#### [Task material]
+ + + + +
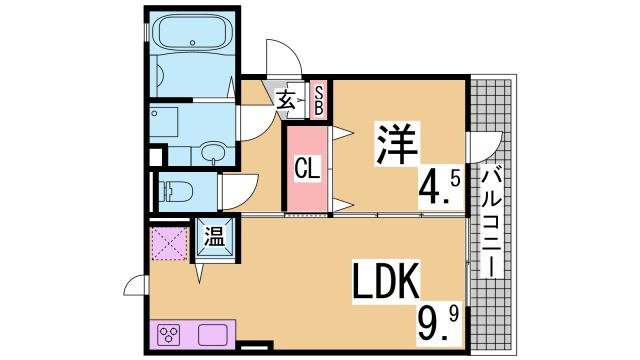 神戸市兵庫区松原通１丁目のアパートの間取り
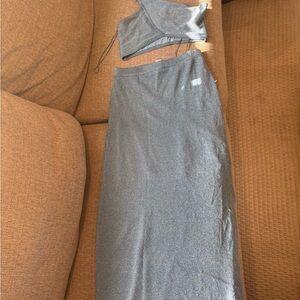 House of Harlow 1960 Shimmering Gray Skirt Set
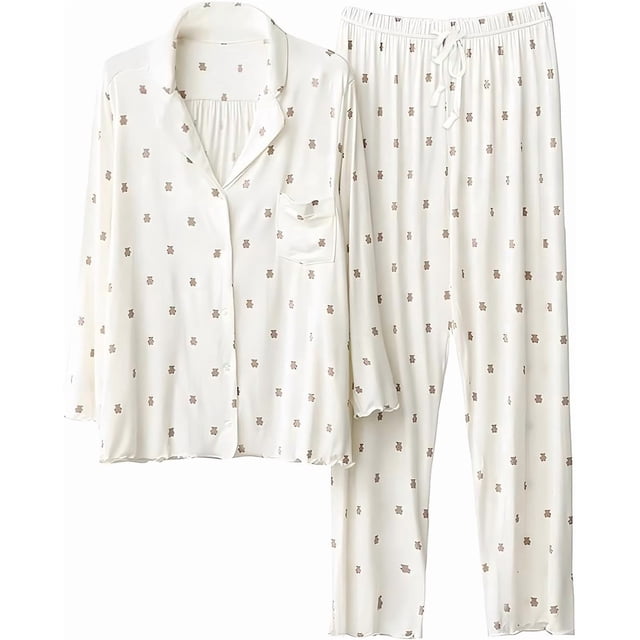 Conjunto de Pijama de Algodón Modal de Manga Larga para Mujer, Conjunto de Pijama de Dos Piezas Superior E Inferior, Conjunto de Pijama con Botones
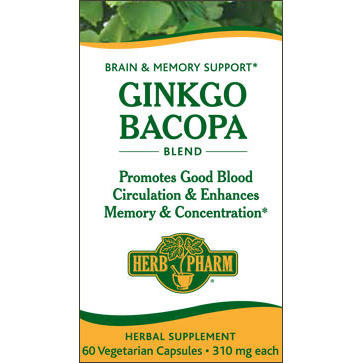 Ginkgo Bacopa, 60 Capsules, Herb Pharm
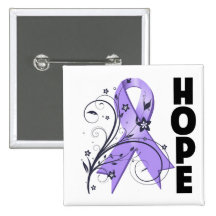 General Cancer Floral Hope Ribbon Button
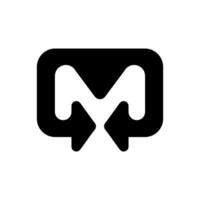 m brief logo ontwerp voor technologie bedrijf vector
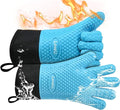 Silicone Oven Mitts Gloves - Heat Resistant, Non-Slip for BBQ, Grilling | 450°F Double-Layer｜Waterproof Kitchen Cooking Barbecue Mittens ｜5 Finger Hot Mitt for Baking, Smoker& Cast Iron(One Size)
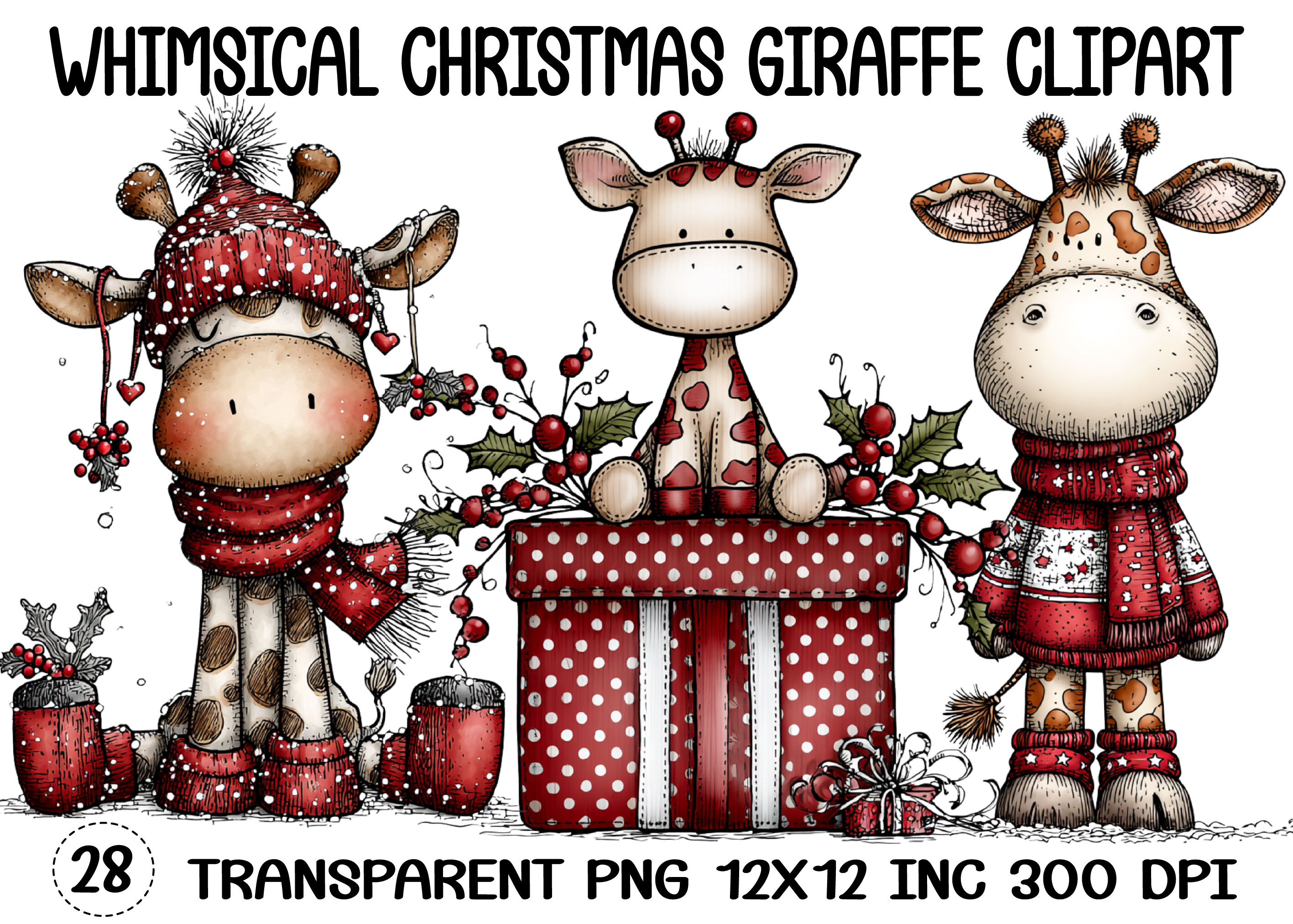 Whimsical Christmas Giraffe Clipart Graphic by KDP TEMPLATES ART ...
+ + + + +
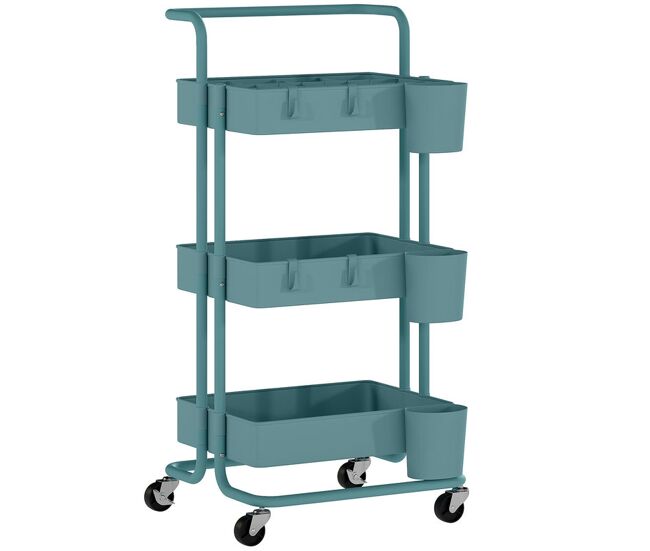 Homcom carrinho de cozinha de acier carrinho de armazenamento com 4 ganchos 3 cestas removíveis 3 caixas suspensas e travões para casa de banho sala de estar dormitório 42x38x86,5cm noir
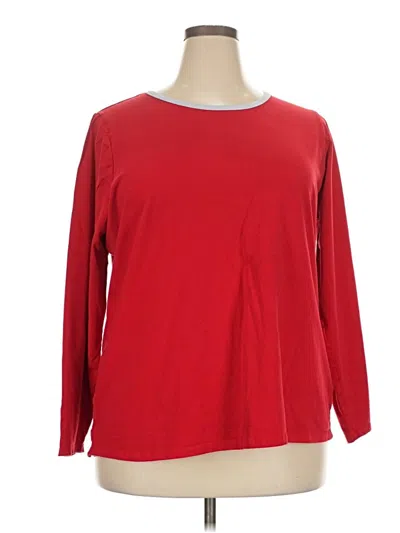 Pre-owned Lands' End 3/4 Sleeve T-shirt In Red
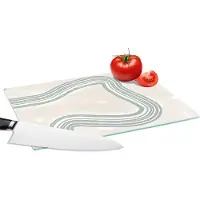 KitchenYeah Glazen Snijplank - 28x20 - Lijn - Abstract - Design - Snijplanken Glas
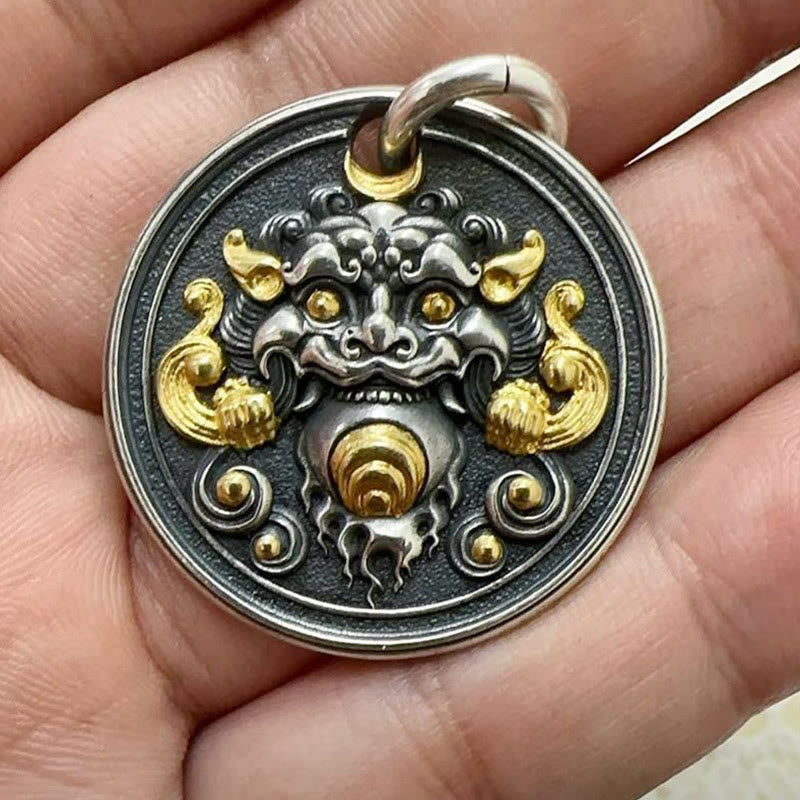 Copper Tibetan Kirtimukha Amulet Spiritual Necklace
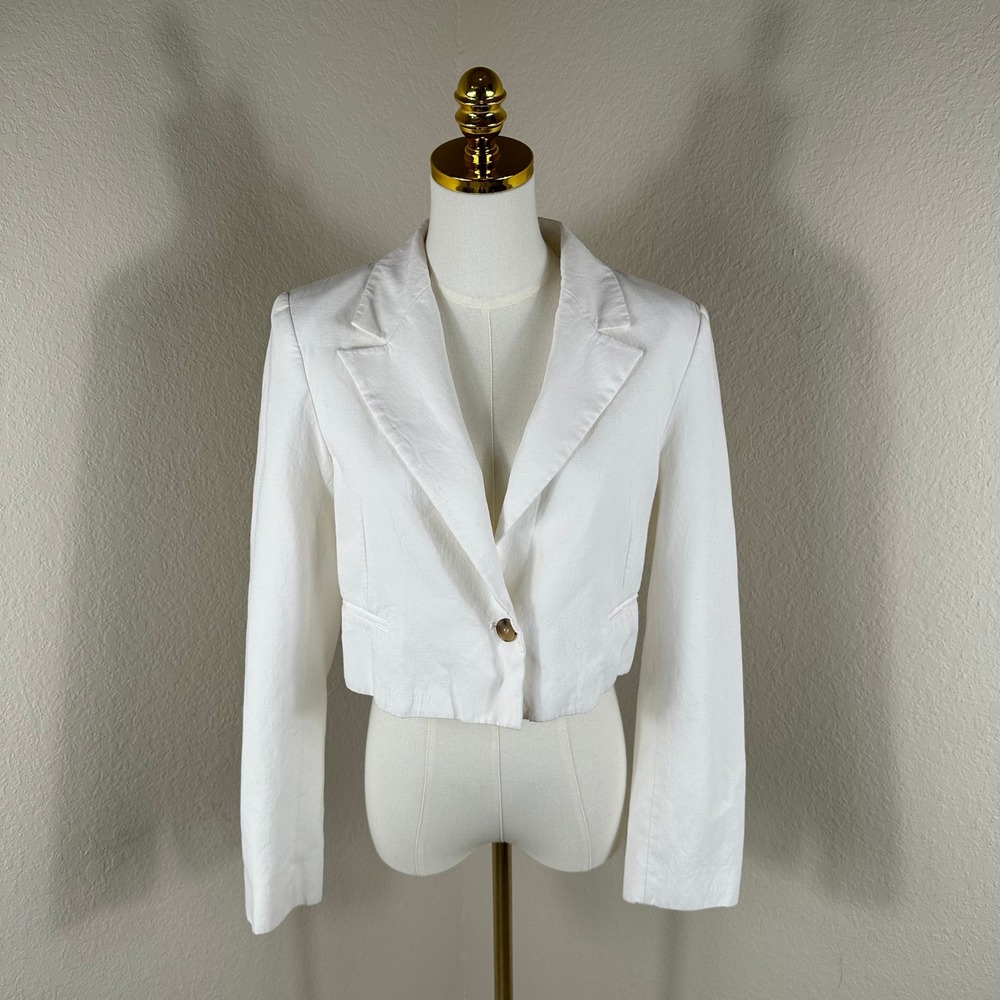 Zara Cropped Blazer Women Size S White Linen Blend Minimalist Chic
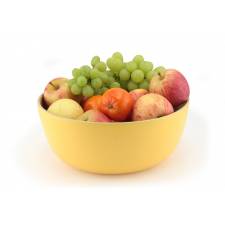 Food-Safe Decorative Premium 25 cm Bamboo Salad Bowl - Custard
+ + + + +
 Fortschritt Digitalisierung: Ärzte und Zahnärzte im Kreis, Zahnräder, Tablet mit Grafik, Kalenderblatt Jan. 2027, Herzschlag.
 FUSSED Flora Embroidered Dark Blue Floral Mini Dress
+ + + + +
#### [Aim of the task]
Whatever pictures the records hold, omit them; give again exactly the lines from the one containing "Pre-owned Lands' End" through the one containing "Food-Safe Decorative Premium".

#### [Result for this task]
 Pre-owned Lands' End 3/4 Sleeve T-shirt In Red
 KitchenYeah Glazen Snijplank - 28x20 - Lijn - Abstract - Design - Snijplanken Glas
 Copper Tibetan Kirtimukha Amulet Spiritual Necklace
 Zara Cropped Blazer Women Size S White Linen Blend Minimalist Chic
 Food-Safe Decorative Premium 25 cm Bamboo Salad Bowl - Custard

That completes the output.